Le milieu des écoles des beaux-arts, celui de Montréal, dès 1928, comme celui de Québec, peu après l'accession de Simone Hudon au poste de professeur de gravure en 1931, fournit au marché du livre quelques illustrateurs de qualité. Ils s'inspirent d'une esthétique nouvelle faite des apports du fauvisme et du style 1925. Tous utilisent le bois gravé ou, à défaut, le linoléum.

À peine nommé professeur à l'École des beaux-arts, Edwin Holgate entreprend l'illustration de Other Days Other Ways (fig. 17), une traduction du Vieilles choses vieilles gens de Georges Bouchard dont l'original connaîtra une nouvelle édition française en 1931 avec la réutilisation des mêmes bois. La mise en page (fig. 18) paraît très soignée dans ces ouvrages. Les bandeaux et culs-de-lampe s'y montrent tout aussi importants que les quatre hors-texte et le frontispice en deux tons. L'artiste dévoile dans son travail une rigueur classique en montrant comment aucun coup de couteau n'a été donné en pure perte. Dessinateur hors pair, Holgate étudie longuement ses moindres compositions en se rappelant les avantages d'une sérieuse économie de moyens. Il en résulte des motifs stylisés pour un maximum d'effets. En ce sens, et aussi par le type d'illustrations et leur emplacement, également par leur iconographie paysanne, l'ensemble pourrait évoquer le travail du graveur français Maurice Delavier pour le roman de Panaît Istrati, un romancier roumain, Les chardons du Baragan (fig. 19) édité par]. Ferenczi et Fils, à Paris, en 1929, dans la collection Le livre moderne illustré.

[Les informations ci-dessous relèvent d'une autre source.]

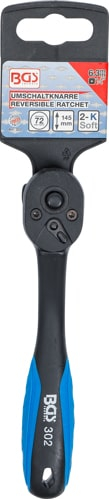 Clichet reversibil, antrenare 1/4" BGS 302 [6]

Mais Holgate s'avère tout de même un créateur plus versatile que Delavier. Dans ses illustrations pour le poème de Robert Choquette, Metropolitan Museum, ses inventions touchent à un modernisme que l'on peut rattacher soit à Hermann Paul, soit à ce graveur anglais Robert Gribbings qui dirige pendant quelques années The Golden Cockerel Press en Angleterre. Le bois gravé de la page trois (fig. 20) du livre de Choquette peut ici servir de preuve à cet avancé. Il est dommage que l'enseignement d'Edwin Holgate n'ait pas conduit à la formation d'illustrateurs du livre!

À Québec, l'enseignement de Simone Hudon eut plus d'influence que celui de Holgate, alors que l'artiste elle-même avait fort peu travaillé le livre illustré. On doit retenir tout de même ses gravures sur linoléum pour le recueil de Jacqueline Francoeur Aux sources claires (fig. 21) publié aux éditions Albert Lévesque à Montréal en 1935. C'est bien humblement qu'elle avoue avoir rarement retrouvé dans ses illustrations le souille décoratif qu'elle admirait alors chez l'une des grandes figures de l'Art Déco, Edy-Legrand (1892-1970). Son condisciple Henri Beaulac, qu'elle épousera en 1940, connaîtra une production beaucoup plus considérable. Déjà ses illustrations datant de 1934 et 1935, pour La vie gracieuse de Catherine Tekakwitha et pour La vie inspirée de Jeanne Mance (fig. 22) possèdent la franchise décorative d'un Jean Lebedeff (1884-?) (fig. 23), malgré son utilisation du linoléum, un matériau qui ne permet pas une netteté impeccable des découpages. Dans un style encore plus souple, il exécute en 1940 de fort belles pages pour le livre du docteur Antoine Panneton (pseudonyme Sylvain), Dans le bois (fig. 24).